Size of single investigator awards granted by Antarctic Organisms and Ecosystems, within the Division of Polar Programs, Directorate of Geosciences.  The mean award amount is a bit shy of $400,000.

As mentioned in my previous post I spent the last three days at the AAAS-CASE workshop in Washington, DC.  The purpose of the workshop was to introduce junior scientists to the legislative process and the ins and outs of science funding at the federal level.  After two days of intense introduction, including a fascinating lecture from congressional expert Judy Schneider, we spent a day on Capital Hill meeting with staff members of our congressional delegations.  I made the rounds of the Washington delegation with Kelly Fleming, a graduate student in chemical engineering at the UW.
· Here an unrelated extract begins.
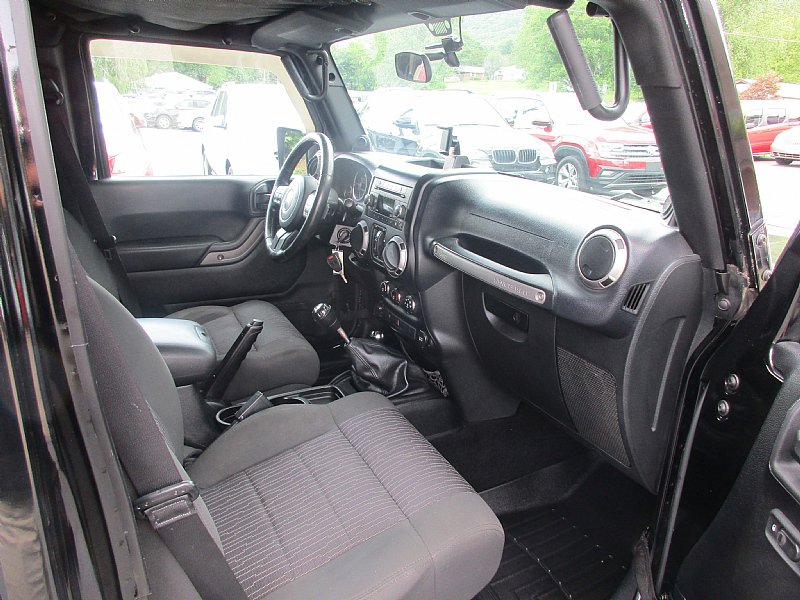Used 2012 Jeep Wrangler Unlimited Sport image 16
The Washington congressional delegation is strongly pro R&D.  The University of Washington brings a lot of federal money to the state, as does the Pacific Northwest National Laboratory and NOAA’s Pacific Marine Environmental Laboratory.  Additionally Boeing, Microsoft, and other large commercial interests in the state benefit heavily from federal R&D investment and a highly educated labor pool, and presumably lobby on behalf of sustained (or improved) funding.

Despite this pro-science stance I was initially surprised at how little congressional staffers understand about how funding works at the institutional level.  In retrospect this isn’t surprising at all.  After six years in graduate school I’m still not 100 % clear on how science funding works at the UW (see previous post on this issue here).  It quickly became clear that what we could best provide is some perspective on how increased grant funding directly translates to more jobs at institutions that receive federal funds and an improved quality of life.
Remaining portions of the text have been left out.